- Description of the task
Only some lines are wanted. Transcribe, exactly, the lines below from the line with "Replica Chanel Sandal" up to and including the line with "KLAPKA WLEWU PALIWA".

- Exercise input
○ ○ ○ ○ ○
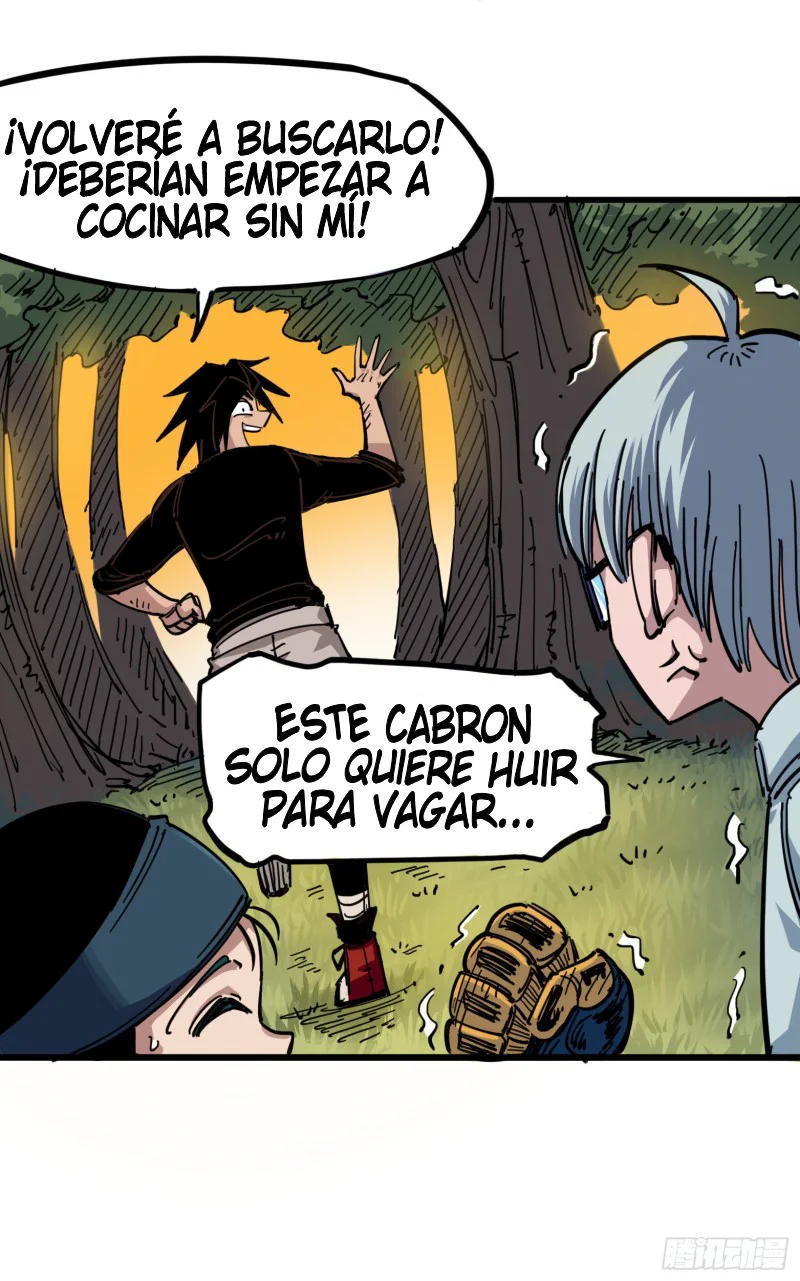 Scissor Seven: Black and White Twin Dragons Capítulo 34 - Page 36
○ ○ ○ ○ ○
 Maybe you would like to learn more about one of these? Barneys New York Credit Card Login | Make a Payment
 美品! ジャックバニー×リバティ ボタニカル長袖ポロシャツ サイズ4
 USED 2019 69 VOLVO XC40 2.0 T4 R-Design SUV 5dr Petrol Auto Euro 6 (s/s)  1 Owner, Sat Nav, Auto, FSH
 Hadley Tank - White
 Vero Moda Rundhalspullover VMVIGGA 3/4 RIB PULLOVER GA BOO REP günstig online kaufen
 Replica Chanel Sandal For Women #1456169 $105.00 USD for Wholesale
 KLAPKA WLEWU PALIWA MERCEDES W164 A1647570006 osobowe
○ ○ ○ ○ ○
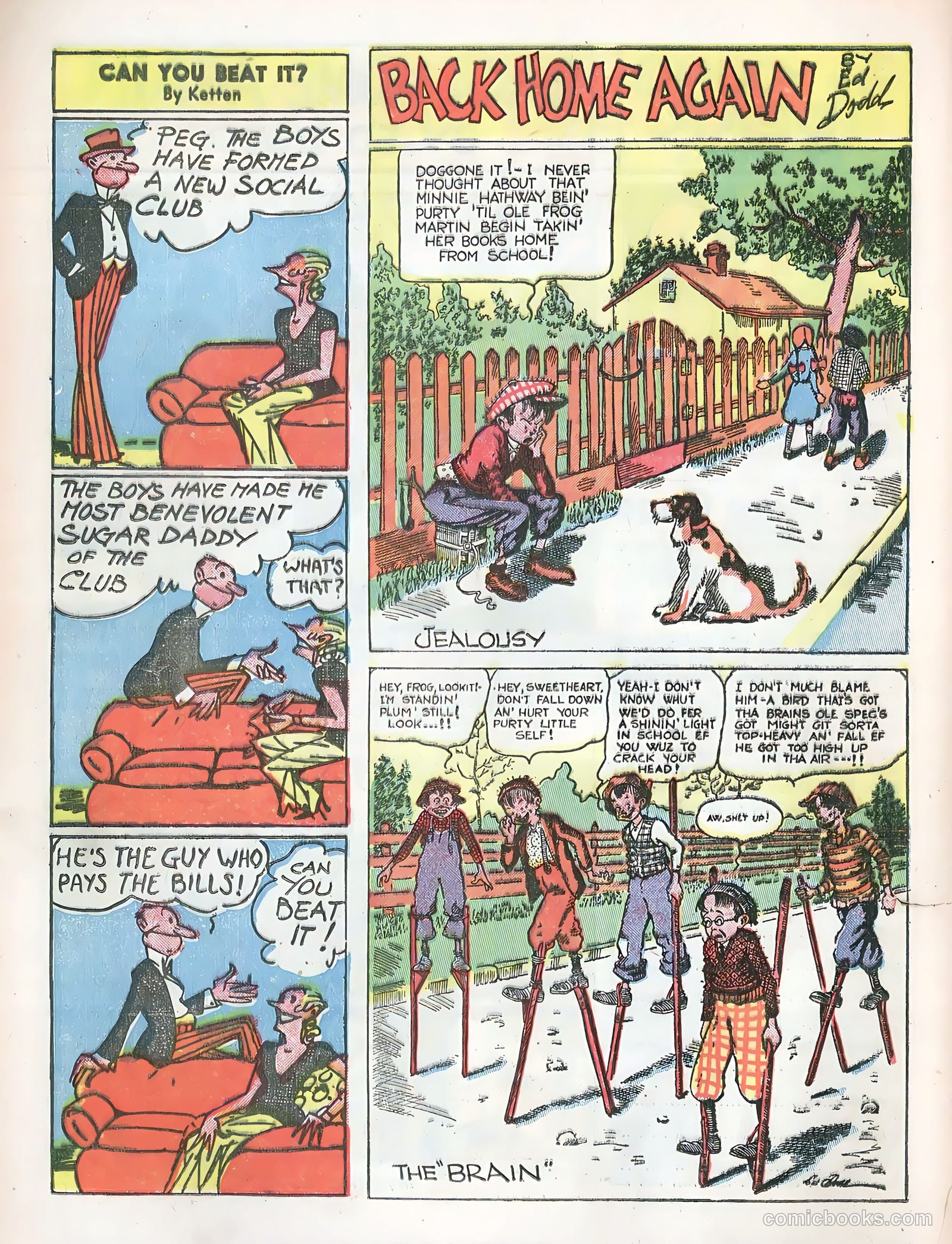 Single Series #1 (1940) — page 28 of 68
○ ○ ○ ○ ○
- Response to this task
 Replica Chanel Sandal For Women #1456169 $105.00 USD for Wholesale
 KLAPKA WLEWU PALIWA MERCEDES W164 A1647570006 osobowe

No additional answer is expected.